Now this is pure mysticism. Regarded literally, it is in direct conflict with the facts. The processes of industry are fairly regular and continuous. At any moment, large quantities of consumers' goods of almost every kind are on the point of completion; at the same moment equally large quantities are consumed. The things which we buy were finished, very likely, only recently; or, if in fact they have lain idle for some time in stock, there is nothing essential or at all helpful in that fact. It represents rather a defect--a maladjustment which should be rectified. Even many kinds of agricultural produce do not need to be carried forward from one year to another, for they are produced in many parts of the world, where the seasons come at different periods of the year. It is conceivable, therefore, that we might consume all non-durable things the moment they were ready, and the degree to which we approximate to this ideal is a mark of the efficiency of our economic system. A large store of consumable goods is thus _not_ a fundamental necessity of a prosperous society.

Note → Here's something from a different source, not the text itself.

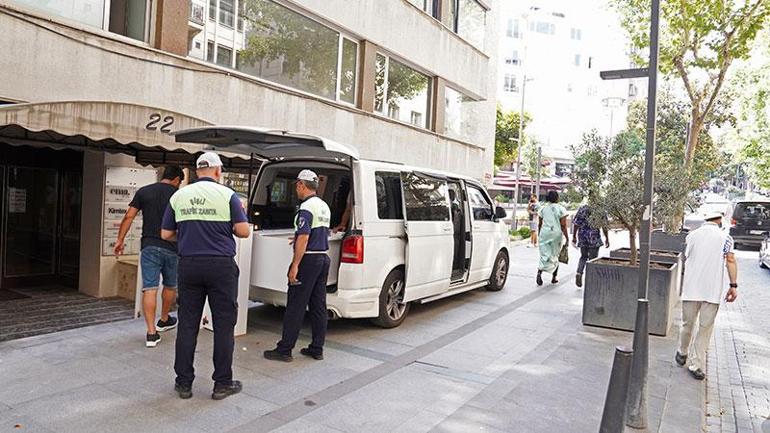 Şişli'de kaldırımları işgal eden 60 araca toplam 58 bin 620 lira ceza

What _is_ necessary is plainly the power to produce these things in large quantities as they are required. And this power is furnished by the durable instruments of production, which we thus rightly regard as the true representatives of modern capital. If it is argued that this power to produce consumable goods may be regarded as being _in effect_ a store of consumable goods, it must be sternly replied that this is the language of symbolism, not of science, and that symbolism is highly dangerous in this connection. The false conception of capital as essentially a store of consumers' goods has led and still leads to many serious fallacies. It was this that gave rise to the notorious doctrine of the Wages Fund; the notion that the sum which can at any time be paid in wages is equal to the quantity of capital, _alias_ consumable goods, which happens to exist. To this day it blocks, with an undergrowth of obscurantist controversies, the way to a straightforward account of the problem of trade cycles.

§5. _The Essence of Waiting_. But it is with positive conclusions that we must here concern ourselves. What is the essence of this waiting, as we have called it? What are its results from the point of view of the community? The individual, who saves and lends, waits in the obvious sense that he postpones consumption. He foregoes his right to purchase now a quantity of consumers' goods in consideration of the prospect of purchasing a larger quantity of such things in the future. From the standpoint of the whole community, there is a similar postponement of consumption, though it need not commence so soon. The store of consumable goods is what it is: the quantity of goods in _process_ of manufacture, which will shortly be coming forward, is also what it is. For some time, therefore, a sudden access of saving cannot affect the quantity of goods available for consumption; and if, in fact, they should be consumed less rapidly, that will represent an unfortunate defect, not an essential condition of a smoothly working system. The _necessary_ consequence comes later. The increased saving will cause labor, materials, land, agents of production generally, to be devoted to distant purposes. Men will be set to work producing durable goods, largely durable instruments of production like ships or railways or factories or plant. If the increased saving is considerable, the labor, materials, etc., required for these purposes will be withdrawn even under our present system, as under a smoothly working system they clearly must be, from the production of other and more immediately consumable things. Hence, some time later, the supplies of consumable things will be diminished, while at a later period still they will be more than correspondingly increased as the result of the assistance of the new durable instruments. That is the essence of saving from the social standpoint. An early future is sacrificed to a more remote future. The aggregate consumable income of the present is unaffected; the aggregate consumable income of the near future is actually diminished; it is not until at least some years later that the aggregate consumable income is increased.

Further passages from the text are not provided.